And we're using the standard programming model that we used previously on PowerPC machines. So it's 64-bit longs and pointers. We're still writing the kernel as a 32-bit entity, but we enabled the large address spacing on the 64-bit processes. And this allows us to have full compatibility with the drivers in the kecks.

So the big news for Leopard is that we're actually going to put in support for all of our frameworks, including like Carbon and Cocoa. And that will enable all the applications that are actually using those frameworks and not just the Unix interfaces to actually get full 64-bit benefits. And there's a talk here about how to actually enable your drivers for 64-bit to actually address more large memory systems.

Now, I want to talk a little bit about how we got to 64-bit support for the Intel systems. And on the left here is our address space map. If you look below 4 gig, what you'll see is basically the address space map for our 32-bit machines. And you'll see your 32-bit address space sitting beside your 32-bit kernel space.

We were usually referred to this as a 4/4 split for the kernel and user space. Some kernels use a 3/1 split or a 2/2 split. And in those cases, you'll actually see the kernel underneath or above, but not overlapping with the user space. We actually made this split so we could actually get full utilization of the virtual memory, both for user and kernel, and allow our applications to be able to address the full 4 gig. : It does mean that there is a little bit bigger boundary to move across from user to kernel because now we have to actually swap out the address space.

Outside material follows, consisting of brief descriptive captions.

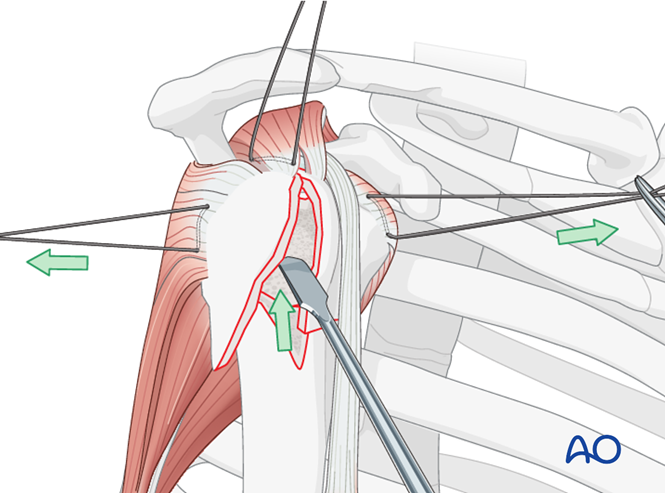 ORIF - Plate fixation for 4-Part, slight displacement, valgus malalignment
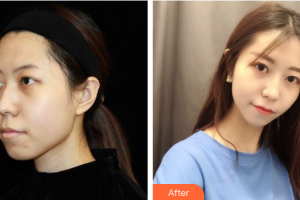 珠海藝星（原仁愛）醫(yī)療美容門診部梁勇整形價格表附光子嫩膚案例展示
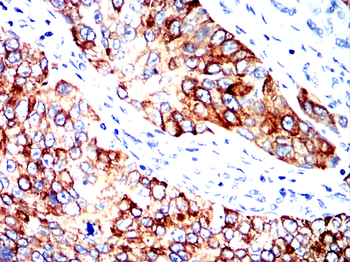KRT17 Antibody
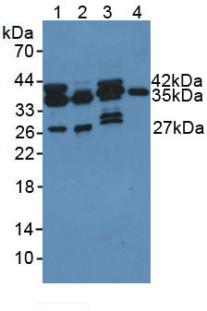PDXK / PNK Antibody - Western Blot; Sample: Lane1: Rat Liver Tissue; Lane2: Rat Lung Tissue; Lane3: Mouse Liver Tissue; Lane4: Human Hela Cells.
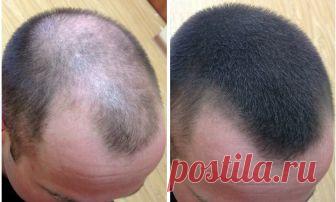 Как вырастить волосы на лысине: причины, рецепты Лысина у мужчины: как можно восстановить волосы Причины облысения Как правило, мужчины начинают лысеть с макушки и передней части черепа. Многим женщинам лысый мужчина кажется более сексуальным и привлекательным. Но большая часть сильного пола при появлении подобной проблемы обеспокоена потерей волос. Зачастую это прив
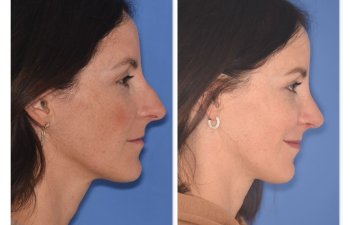 patient before and after rhinoplasty procedure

But you'll notice that in 64-bit, you have your 64-bit address space above that. And you still have your 32-bit kernel space. So we don't actually take that hit when we go back and forth between user and kernel for 64-bit processes. Now, there is still a boundary there that actually takes some time. But we don't actually have to swap out the address space. So on our 64-bit machines, we run our 32-bit kernel in what's called compatibility mode on Intel machines. And that basically means that it's the 32-bit mode of the architecture.

The big joke here, so the 64-bit user space, the size of this right here, is actually 47 bits. So if you really thought you were getting full 64 bits, no, we took some away from you and we're only giving you 47. That's actually an architectural limit to the current Intel chips. There is a kind of a dead space above 47 bits that actually will give you a general fault.

If you actually try to address that on the current architecture. But note that 47 bits gives you 128 terabytes of addressable space. And if you want to do kind of the math there, 128 terabytes really is a lot of space. So before you go complaining to developer relations that you really need 48 bits of addressable space, make sure you do the math. It's a lot.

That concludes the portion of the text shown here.